Task item = Please transcribe the data exactly as shown, skipping the images.

Given material =
========================================================================

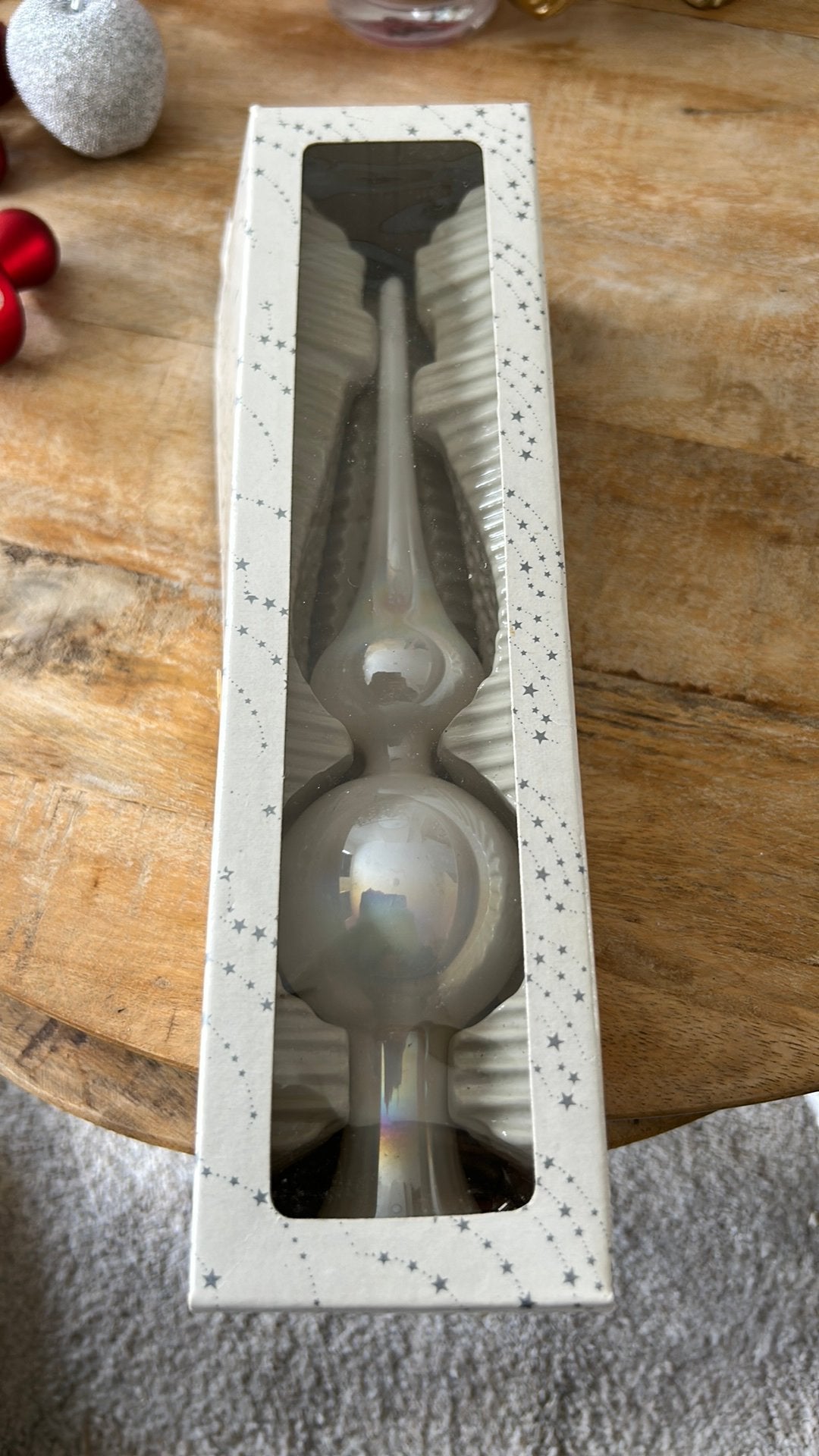 Oude parelmoer witte piek glas, Ophalen of Verzenden, Zo goed als nieuw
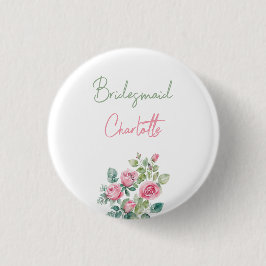 Rosa Rose Bridesmaid Brautparty Button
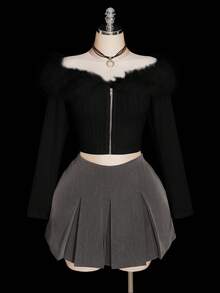 SHEIN ICON Chaqueta corta blanca con hombros descubiertos y ribete de peluche, ropa de mujer de otoño, atuendos de otoño de talla grande - Negro - Ver 9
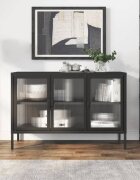 vidaXL Сайдборд черен 105x35x70 см стъкло и стомана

========================================================================

Task response =
 Oude parelmoer witte piek glas, Ophalen of Verzenden, Zo goed als nieuw
 Rosa Rose Bridesmaid Brautparty Button
 SHEIN ICON Chaqueta corta blanca con hombros descubiertos y ribete de peluche, ropa de mujer de otoño, atuendos de otoño de talla grande - Negro - Ver 9
 vidaXL Сайдборд черен 105x35x70 см стъкло и стомана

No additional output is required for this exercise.